Je risque de m'attirer la foudre morale des éclairs conditionnés et simplificateurs les plus tenaces.
 
Dieudonné constitue, selon moi, l'humoriste le plus doué, le plus talentueux de sa génération. Contrairement à ses camarades, il s'est attaqué avec brio à des sujets hautement délicats.
Par provocation maladroite et jusqu'au-boutiste, il devient antisémite aux yeux convenants et désorientés de la société. Tout ceci a commencé parce qu'il a stigmatisé le sionisme, extrémisme juif que nous devrions tous condamner. Suite à ce sketch avorté, provoquant et maladroit, d'une drôlerie toute relative, il a été injustement puni. Cette apparition télévisuelle n'avait d'antisémite que la perception des bienséances médiatiques, politiques, du milieu des requins artistes, et des tendances moralisatrices des gens. Vivant de sa liberté d'expression, il a été traîné dans la boue, méprisé, insulté, censuré, menacé de mort.
 
Dans un premier temps, les garants politiques et judiciaires de notre nation auraient dû s'excuser de l'avoir mis en examen. Le début de son histoire pénale reste à mettre au crédit d'un jugement déloyal et partial attribué à une personnalité dérangeante, dénonçant la bêtise et l’insignifiance de certains âmes puissantes. Les protagonistes influents et les âmes susceptibles de notre nation auraient dû lui laisser sa liberté de parole, plutôt que de la censurer. En effet, en punissant Dieudonné et en interdisant ses spectacles, les institutions judiciaires ont incité la société à le haïr, à le diaboliser. Ainsi, notre trublion n’aurait pas éprouvé un sentiment de rejet puissant à son encontre. Et, pour continuer à exister, il n’aurait pas fait preuve de provocations excessives, têtues et infructueuses. Parce qu’au lieu de s'arrêter, de demander pardon comme la maudite bienséance le demandait, il a renchéri et s'est montré agressif, témoignant son écœurement  et le surréalisme d'une situation qui lui échappait.
 
Cela ne m'a pas empêché pas de me désolidariser de lui, de le condamner lorsqu'il a par la suite mis en avant et encouragé le discours de personnalités négationnistes et haineuses.

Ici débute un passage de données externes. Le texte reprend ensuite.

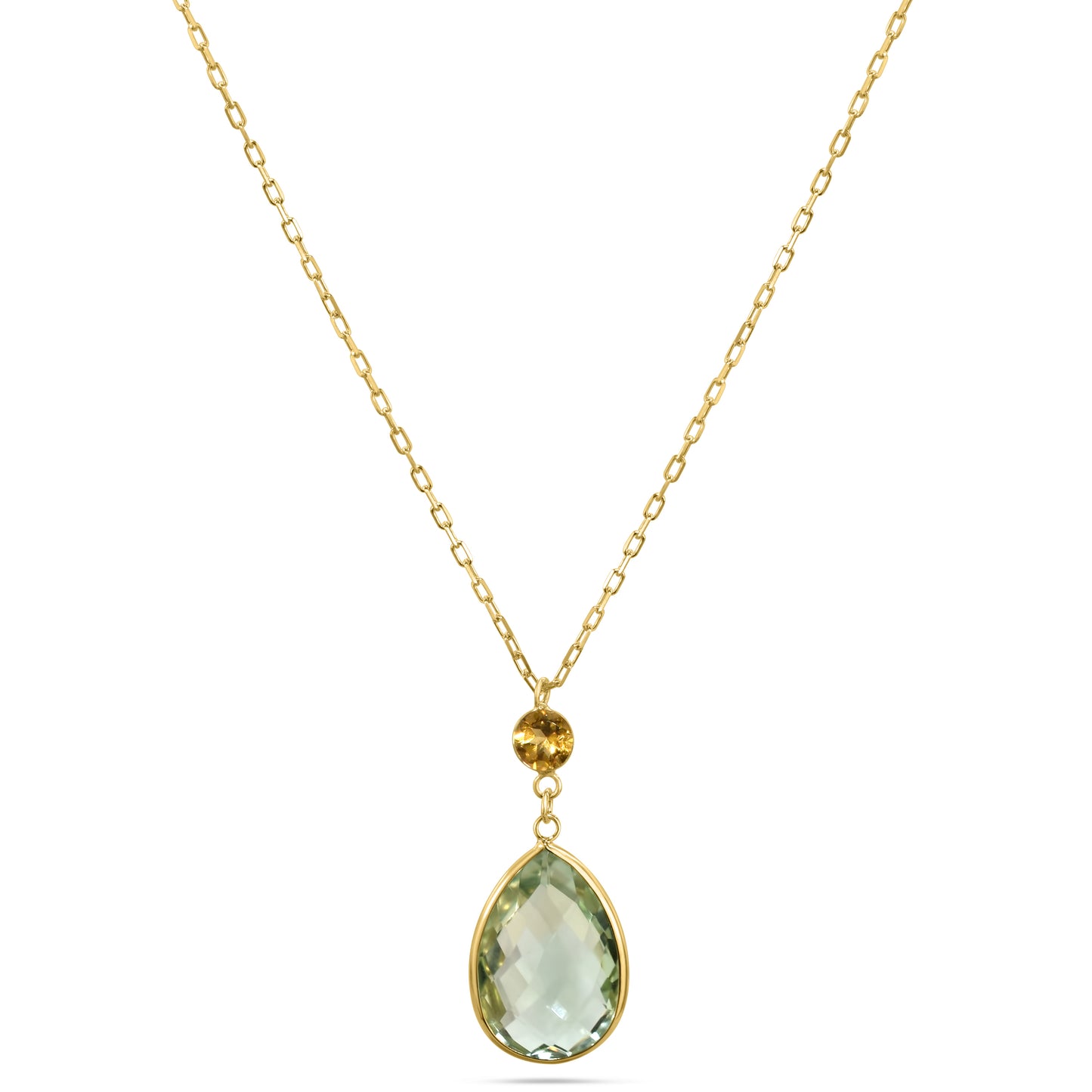 14k Citrine Green Amethyst Pendant Necklace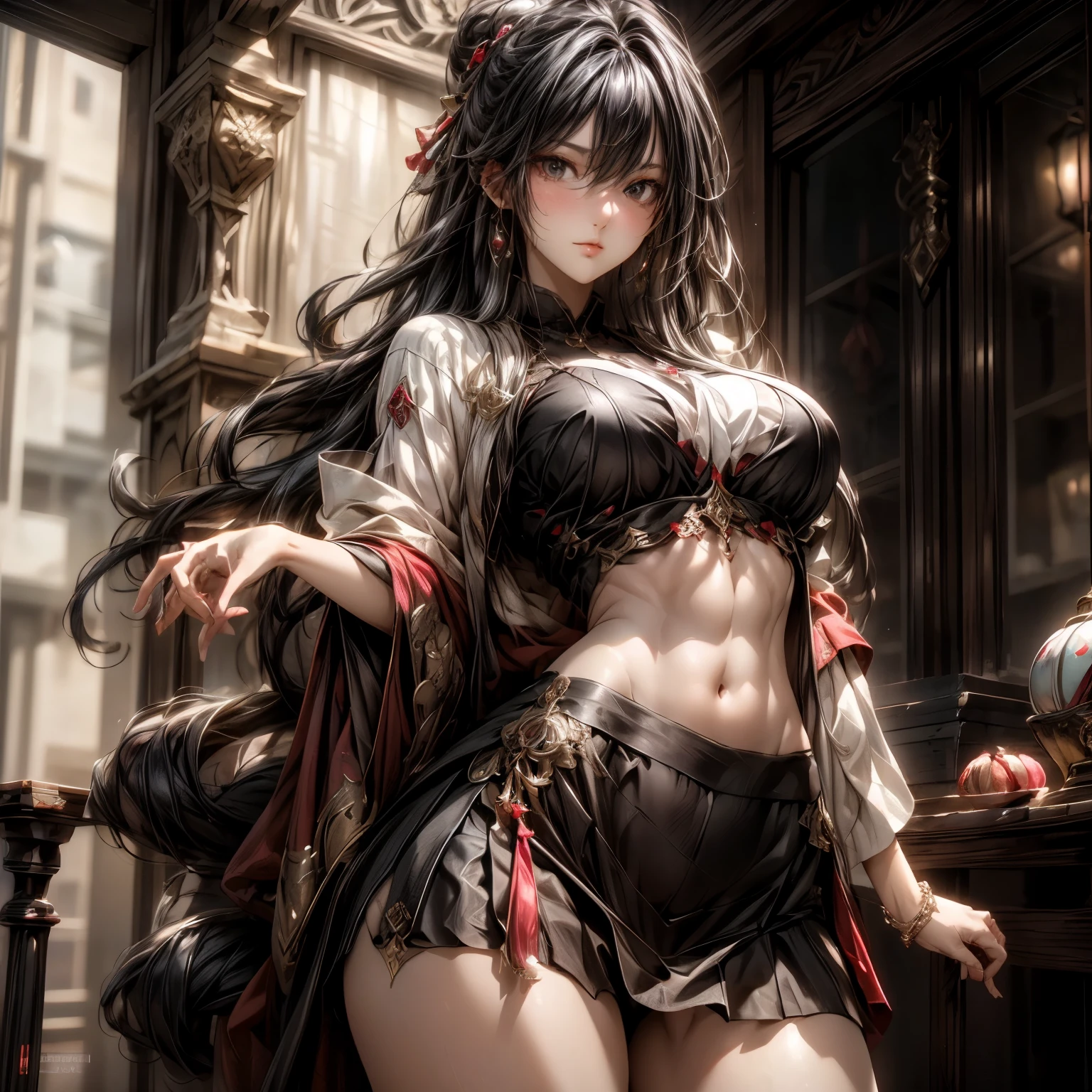 (best quality)), ((Masterpiece)), (details:1.4), 3d, HDR (high dynamic range), an image of a beautiful cyberpunk female, Cyberpunk, fantasy, black hair, Curtain Bangs, Hips up, Beautiful White eyes, จมูกโด่ง, ปากแดง, หน้าอกใหญ่, nvidia RTX, PBR surface, After processing, Anisotropic filtration,depth of field, Maximum clarity and clarity, multi-layered surface, Subsurface scattering, perfect proportions, 8K raw files, ultra detailed, Perfect proportions, volumetric lighting, soft lighting, Holy Paldin, Heavy Golden Armor, Red dress, intricate Silver embroidery, glossy skin, Bed room Background, jewely, ต่างหู, นิ้วมือสมบูรณ์, mini black skirt,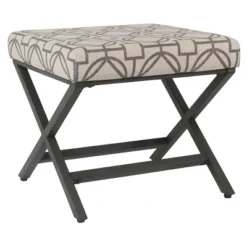 Modern Metal X Base Ottoman - HomePop -Furniture Store GUEST f9a06ae7 ea09 4dc2 916e 70c80596b00b
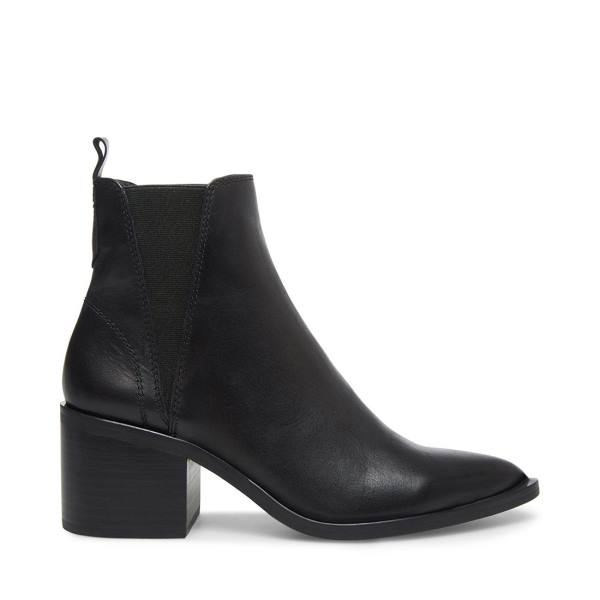 Steve Madden Audience Leather Women\'s Booties Black | SM-820RS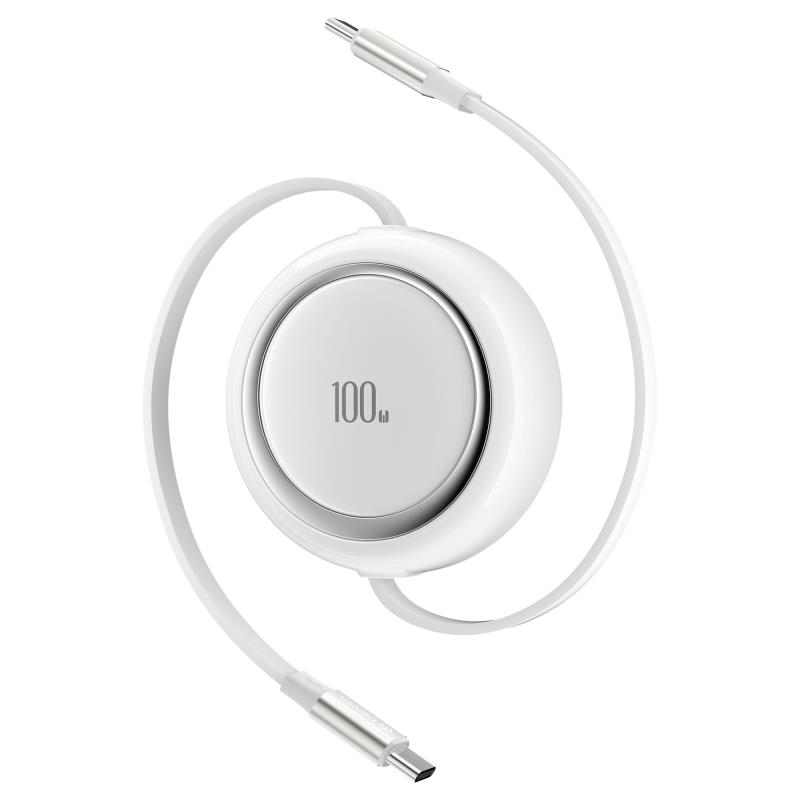 Καλώδιο Σύνδεσης USB 2.0 Devia EC317 USB C σε USB C PD 100W 1m Stretchable Pro2 Λευκό (6942297131460)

En sachant qu’échanger avec des antisémites ou avoir des propos antisémites dans le cadre d'une activité d'humoriste en représentation permanente ne signifie pas être raciste ou intolérant pour autant. Je crois, hélas, que la majeure partie de la population a oublié cette subtilité majeure pourvue d'humanisme.
 
Toute cette affaire s'avère plus complexe qu'elle n'y paraît en surface. En effet, les torts se partagent entre Dieudonné, Dame justice et la vindicte politicienne, médiatique et populaire. Pour arriver à de tels dénouements, pour créer des " monstres ", une société ne peut être que malade, gagnée par la division, par la peur, par le Diktat des opinions et autocentrée sur elle-même.
 
Aujourd’hui, esseulé, banni des médias, Dieudonné s’est renfermé dans un personnage réducteur et clivant. Son humour génial est devenu quelque peu caricatural, perdant en puissance. Son entourage, ses proches et ses amis douteux, négationnistes, réactionnaires et extrémistes ne sont pas étrangers à ce triste basculement. Malgré tout, pour avoir visionné ses derniers sketchs, ses messages d’amour et de paix n’ont pas laissé place à de systématiques pensées haineuses et ses apparitions restent, néanmoins, percutantes et de qualité.